1 PM, previously to resign, remains around (7)
ASQUITH To resign is QUIT, and remains are ASH. Plonk one into t’other. Herbert Henry Asquith served as Prime Minister of the United Kingdom from 1908 to 1916.
5 Pepper pot: mine needs to be shaken (7)
PIMENTO Needs to be shaken is the giveaway anagram indicator: apply to POT MINE
9 Husband bearing heavy item of furniture is one giving you a wave? (11)
HAIRDRESSER Husband conventionally round here is represented by H, bearing is AIR and unless you are in possession of a lightweight one, a DRESSER is a heavy item of furniture. The definition is mildly cryptic
10 Deckhands finally got out of sweeping vessel (3)
VAT The last letter of deckhandS (finally) is removed from VAST answering to sweeping
11 Peg, getting stuck into beer, on the slippery slope? (6)
ALPINE Peg is PIN and beer is ALE. Once again plonk one into t’other.
12 Runner reflecting on the subject of large clogs (8)

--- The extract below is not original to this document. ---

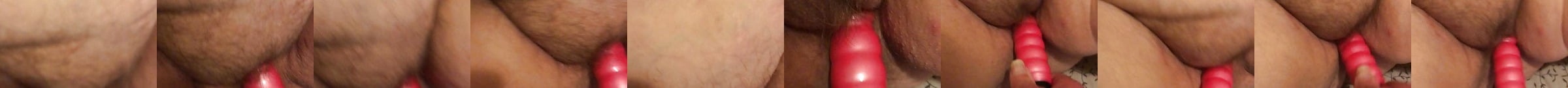 Featured Hunching Orgasm Porn Videos XHamster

SMUGGLER Quite tricky to reverse engineer the wordplay from the obvious answer. On the subject of: RE, large LG (not just the expected L) and clogs GUMS as in up the works. Reverse the whole lot (reflecting)

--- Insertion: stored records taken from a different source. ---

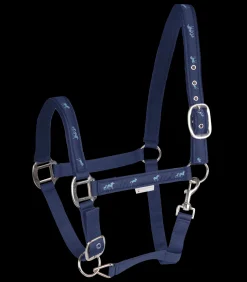 Waldhausen Halfter><noscript><img width=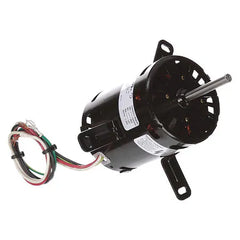 Fasco D0563 OEM Replacement Motor 1/15 HP 3.3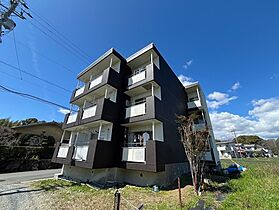 ミーテルーチェ有玉西 2C ｜ 静岡県浜松市中央区有玉西町（賃貸マンション1R・2階・20.16㎡） その1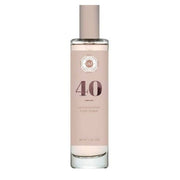 Iap Pharma Parfum 40 30ml-2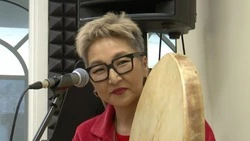 На Сахалине обновляют учреждения культуры в рамках нацпроекта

14 Director, in extremis, fought to secure financial backer for film (2,11)
DR STRANGELOVE In which Peter Sellers plays almost everybody. In extremis (ie, both ends) DirectoR  gives the DR bit. Fought is STROVE and a financial backer is an ANGEL. Correctly assemble.
17 Be reconciled, after brush with assembly (4,3,4,2)
KISS AND MAKE UP After brush: KISS, place with: AND, and assembly: MAKE UP
21 Touched, as doctor, friend and parent meet with young delinquent (8)
PALPATED Friend is PAL, parent is PA (avoid MA, gives a an inappropriate solution)  and the young delinquent (sorry Jimbo) is TED
23 Race the eccentric run in mostly (6)
ETHNIC What appears to be an adjective clued by a noun. “The” eccentric provides the ETH, and run in is NICK (as in episodes of the Sweeney) from which you dock the last letter
25 Light headed? (3)
LED I’m going to say the definition is headed, because the light is an L.E.D. though sources have it without the dots
26 Hiker settles by forestry worker (11)
FOOTSLOGGER Simple enough: settles is FOOTS (the bill) and the forestry worker is a LUMBERJACK LOGGER
27 Subject of treaty dubious at best, note (4,3)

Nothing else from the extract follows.